The skyrocketing cost of natural gas has helped boost coal prices to new highs. As the supply of natural gas continues to multiply costs, coal has become a viable alternative for energy. Unfortunately, this has yielded little in the way of financial relief for our economy.

Environmental regulations continue to plague the coal industry as well. These policies increase the cost of coal operations, and more than 1,000 American mines have closed in the past decade.

Last year at this time coal prices averaged $30 per ton. Following a year of increasing demand on an already tight supply, prices now exceed $60 per ton, up more than $19 a ton since January.

The American economy, already struggling to confront record coal and natural gas prices, must also endure the highest oil prices in history. To further exacerbate matters, many analysts believe oil costs will eventually reach between $50 and $60 per barrel.

These figures hold extreme consequences for the American economy. Diesel prices have already reached their highest rate in our nation’s history, averaging $1.87 per gallon on Aug. 23. This represents a 5-cent increase over the previous week and a 25 percent increase over the last year.

Economists estimate that every penny increase in the price of fuel drains $1 billion from our economy. In fact, 1,000 small trucking firms are forced out of business with every 10-cent increase in fuel prices.

Industry analysts estimate more than 7,500 trucking operations have either closed or filed for bankruptcy in the last four years. To no one’s surprise, fuel costs rank as the single most important factor in these businesses’ decline.

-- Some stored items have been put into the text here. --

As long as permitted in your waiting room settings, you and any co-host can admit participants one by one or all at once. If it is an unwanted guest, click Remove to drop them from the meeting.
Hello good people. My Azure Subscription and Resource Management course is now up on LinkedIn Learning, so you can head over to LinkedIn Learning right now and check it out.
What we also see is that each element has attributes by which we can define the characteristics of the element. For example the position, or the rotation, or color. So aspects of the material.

Environmental regulations, however, continue to discourage domestic production and the construction of new oil refineries. As a result, no new refining facilities have been built in the United States since 1975, and approximately 35 have been forced to cease operation since 1980.

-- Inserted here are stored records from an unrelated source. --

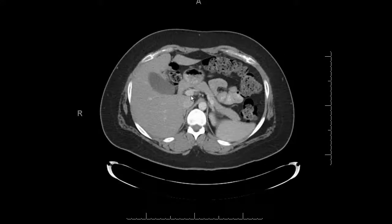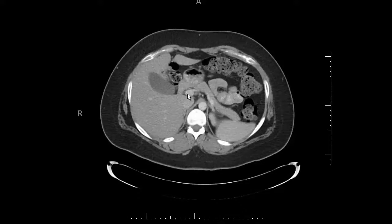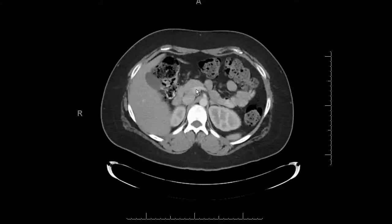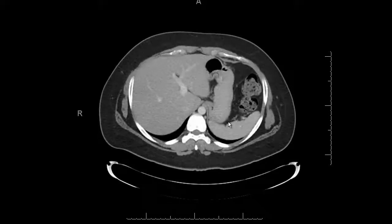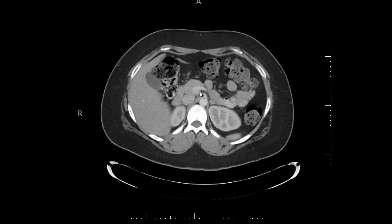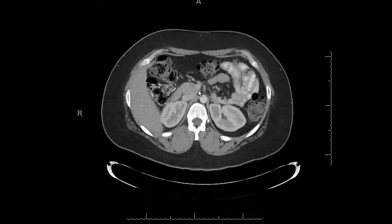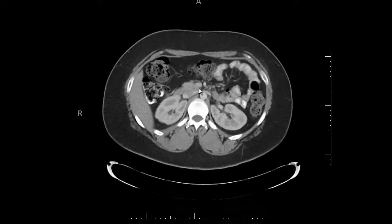Then I look at the vessels of all the organs I've just reviewed. We already looked at the main portal vein; here's the splenic vein — make sure that's patent, as many conditions can cause splenic or portal vein thrombosis. Then the SMV: once you find the portal and splenic confluence, keep scrolling down a little and you'll lead right into the SMV.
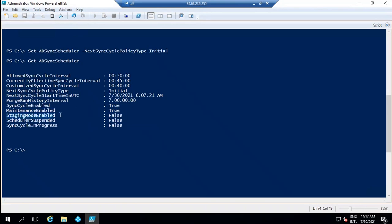The next attribute is StagingModeEnabled. This attribute shows if staging mode is enabled on this particular server. If this value is set to true, it means the server is running in staging mode. Staging mode means it does not run the export cycle — it will run import and synchronization cycles, but no changes will be synchronized from Active Directory to Azure Active Directory.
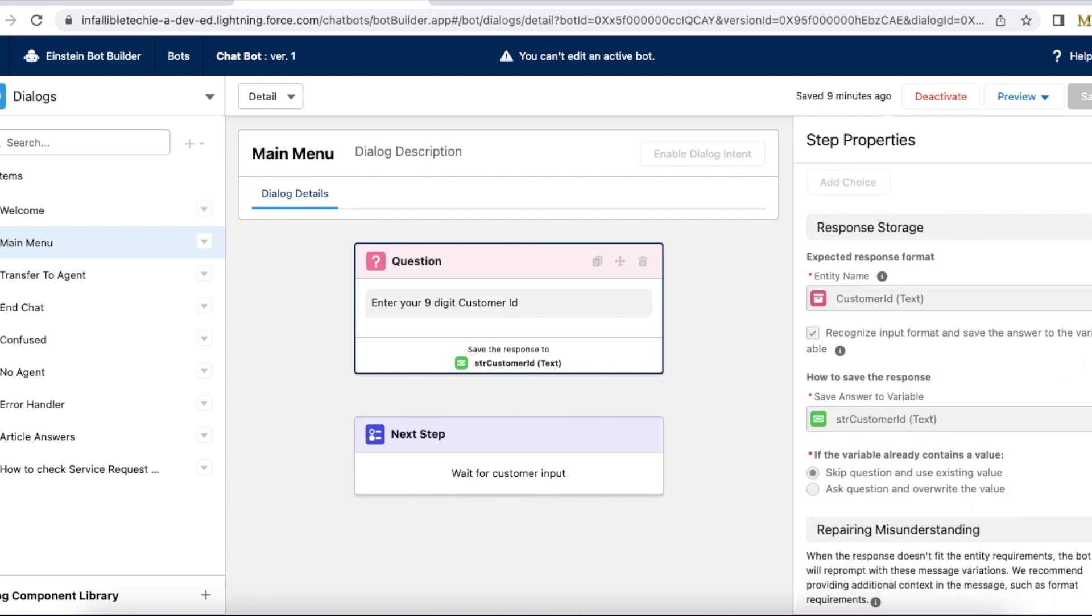And the expected response format, I am using the customer ID entity, which I created. And I am storing the value in str customer ID text variable.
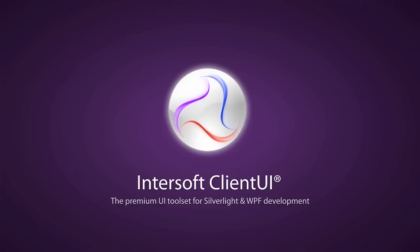Introducing Intersoft Client UI, the world premium user interface suite for Silverlight and WPF.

Our nation must dramatically increase its domestic energy production in order to avert serious economic consequences in the near future. We must adopt a comprehensive energy plan and enact policies at the federal level that allow our nation to free itself from its current level of dependence on foreign energy producers.

This goal can be accomplished only by encouraging a growth in domestic production and freeing our domestic energy producers of onerous environmental regulatory burdens. Our nation’s long-term economic health depends on such actions.

Rep. John Duncan Jr., R-Tennessee, has served in the U.S. House of Representatives since 1988. The Knoxville resident has been named among the five most fiscally conservative members of both the House and Senate by the National Taxpayers Union. He serves on the House Transportation Committee and the House Resources Committee.